Analyst Scott Reynolds said in a client note that he sees growing support for national level solar programs in Europe and Asia. He noted said that diesel is still used to generate a significant portion of the world's electricity, because outside of the U.S. natural gas is expensive for utilities. This makes solar an attractive option for many regions, he said.

"Solar is now competitive in many electricity markets and we believe a demand inflection will be subject to improving demand for electricity, favorable policy and capital availability, and fewer new subsidy programs," Reynolds said. "Solar is seeing increasing support in Asia and the Middle East is taking a fresh look as they look to solve their growing energy consumption issues."

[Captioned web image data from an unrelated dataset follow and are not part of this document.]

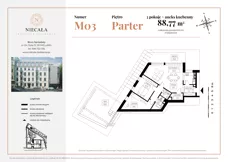 3 pokoje, apartament 88,77 m², parter, oferta nr M03, Niecała Prestige Residence, Lublin, Śródmieście, ul. Niecała 20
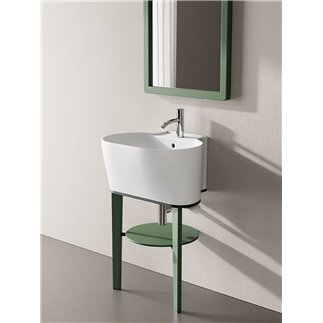 Lavabo in Ceramica con Base in Frassino - Tino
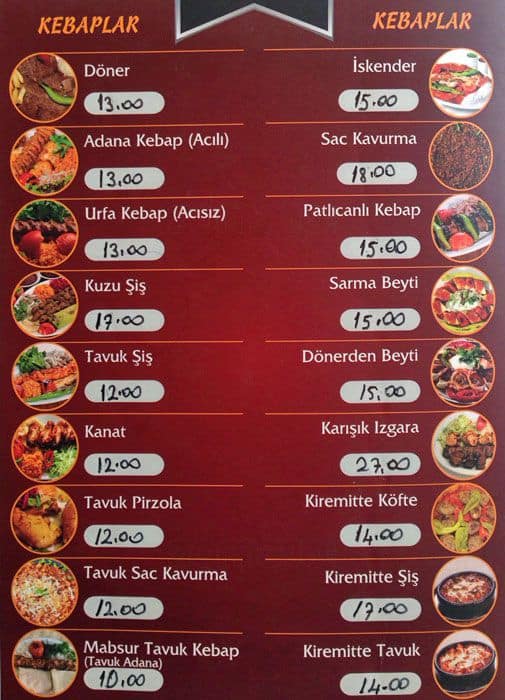 Menu At B.İ.Ş KEBAP, Ankara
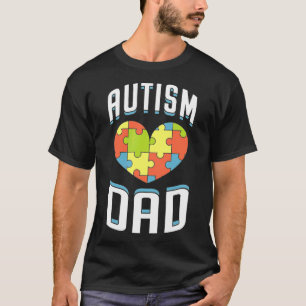 Autism Dad Heart Puzzle Autism Awareness Day Love T-Shirt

The analyst boosted First Solar Inc.'s price target to $30 from $21 and maintained a "Hold" rating. While Reynolds views the company as one that will do well long term, he doesn't see any near-term catalysts. First Solar fell 9 cents to $30.63 in afternoon trading.

He raised his price target on SunPower Corp. shares from $5.00 to $8.00, saying overcapacity will remain a near-term problem for most solar companies, though brighter days may lie ahead. Sunpower shares rose 7 cents to $7.91.

He also boosted GT Advanced Technologies Inc. to "Hold" from "Underperform," saying the downside was already priced into the stock. Shares of GT Advanced rose 13 cents, or 4.1 percent, to $3.27.

Other solar companies — including MEMC Electronic Materials Inc., Enphase Energy Inc. and LDK Solar Co. Ltd. — were lower.